During the week, the benchmark equity indices also scaled its two-year high on March 29, 2010. While Sensex touched its two-year high of 17,793, the Nifty hit a high of 5,330 in the intra-day trade. However, the week also saw action shifting towards the mid and small-cap stocks, with mid-cap indices outperforming the large-cap ones. BSE small-cap index rose 3.28% while the mid-cap index registered a weekly gain of 1.52%.
An encouraging fourth quarter advance tax figures of top Indian companies (an indication of higher earnings) gave further impetus to the post-Budget rally. Standard and Poors, the global credit rating agency, has already revised the outlook on India to stable from negative on the back of improved government finances. Other global rating agencies like Moodys and Fitch already have a stable outlook on India.

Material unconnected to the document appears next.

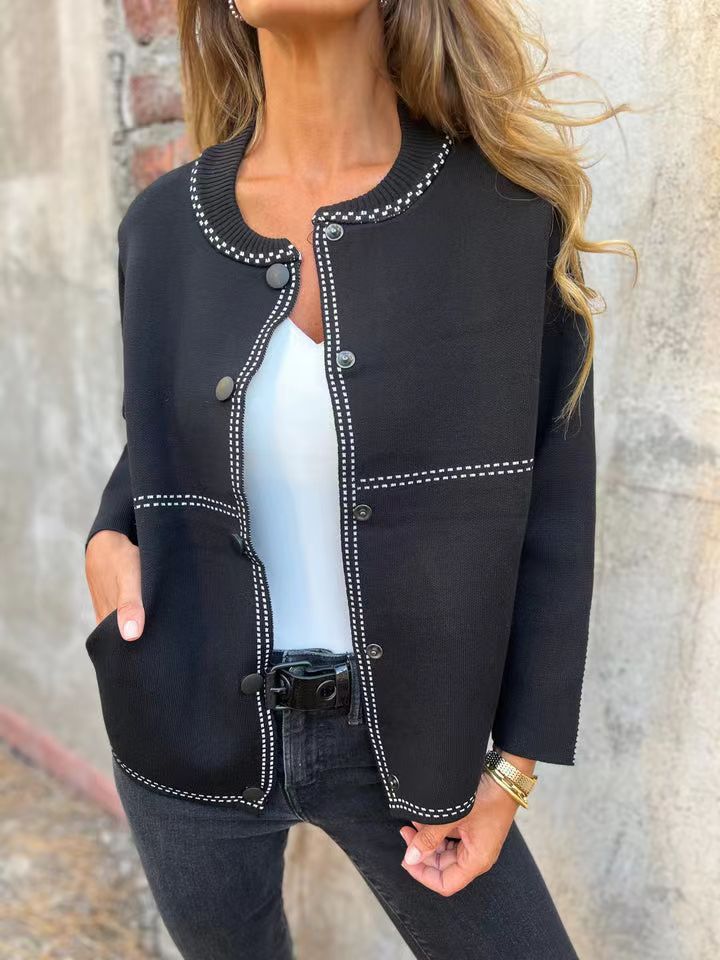 Ladies Loose Knit Vest with Buttons and Decorative Stitching Lune London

Global investor sentiments are also turning positive on the back of positive news. The index of US manufacturing activities in March rose to its highest level since July 2004, according to data released on Thursday. Earlier, a US labour department report showed initial weekly claims for jobless benefits falling more than expected. Equity markets across the world have taken the cue. While Dow Jones index was up 0.65% on Thursday, Nikkei 225 stock surged 0.37% to touch its 18-month high on Friday. Stocks in China and Hong Kong reached their highest closing levels in more than two months.